Abstract

Cu (Ⅰ) single-atom enzymes (SAEs) have attracted considerable attention in tumor sequential catalysis therapy. However, their complex preparation process, lower atom loading capacity and uncontrollable valence state limit their clinical practices. Herein, we propose a convenient strategy for preparing Cu (Ⅰ) SAEs through the self-carbonization and reduction of organic solvents and CuⅡ salts. Formamide can easily be condensed into a linear macromolecular chain for chelating CuⅡ because of its high N content and vacant ligand sites.
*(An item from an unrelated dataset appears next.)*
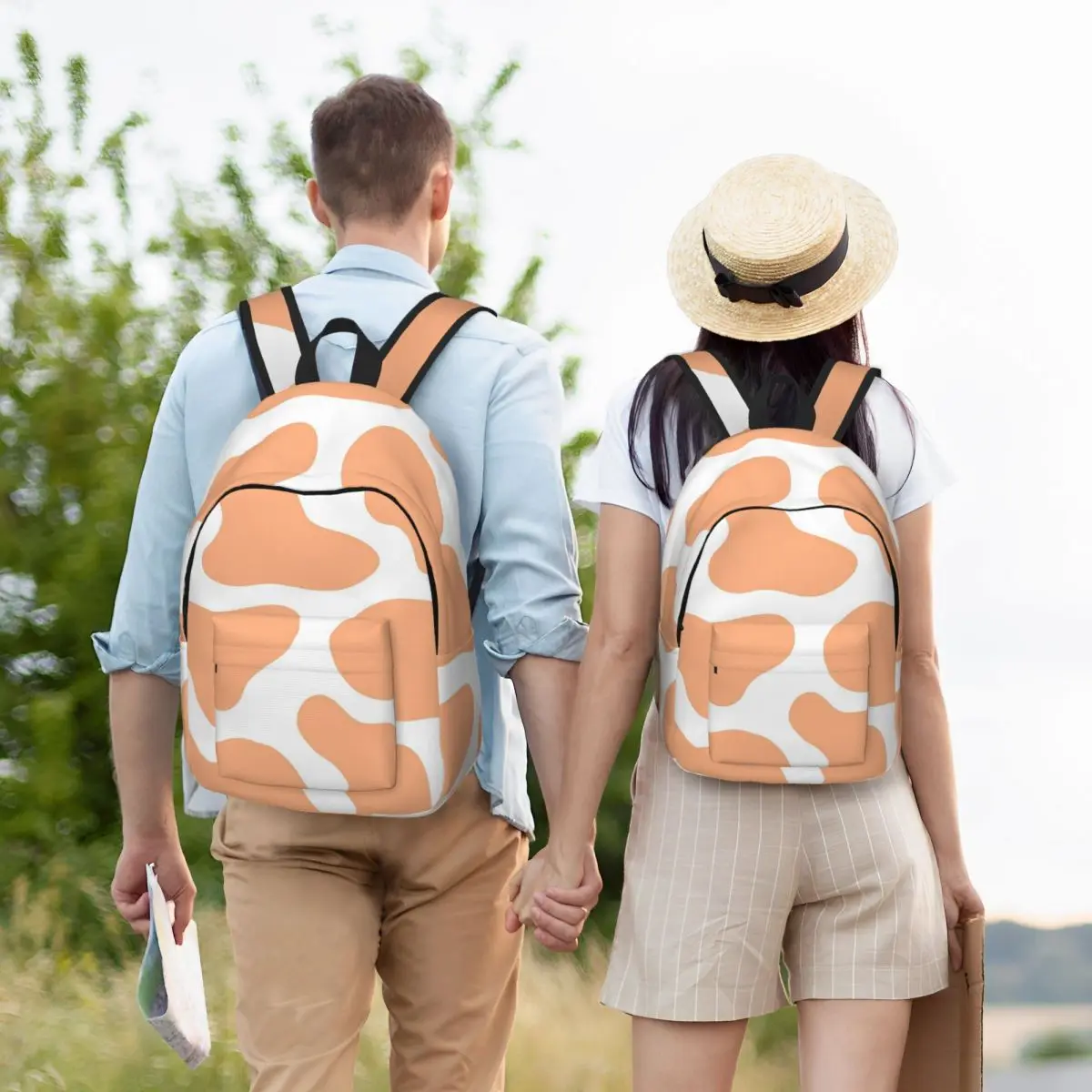 

Orange Cow Pattern Backpack Student BookBag Kids School Bag Computer Shoulder Bags for Boys Girls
The resultant carbon nitride-based fragments reduce CuⅡ to CuⅠ. An unprecedented sequential catalytic performance for glutathione depletion and subsequent amplified hydroxyl radical generation is performed on the obtained C3N4 supported Cu (Ⅰ) SAEs (denoted as Cu-CN) with an ultrahigh density of 2.19 atoms/nm2 (23.36 wt%), in which the CuⅠ species serve as the active sites. The subversion of the homeostasis of the tumor microenvironment brought about by the Cu-CN produces efficient ferroptosis and apoptosis in cancer cells, resulting in a high tumor inhibition rate of 89.17 %. This study provides a novel strategy for fabricating valence controlled SAEs supported on C3N4 for catalytic applications.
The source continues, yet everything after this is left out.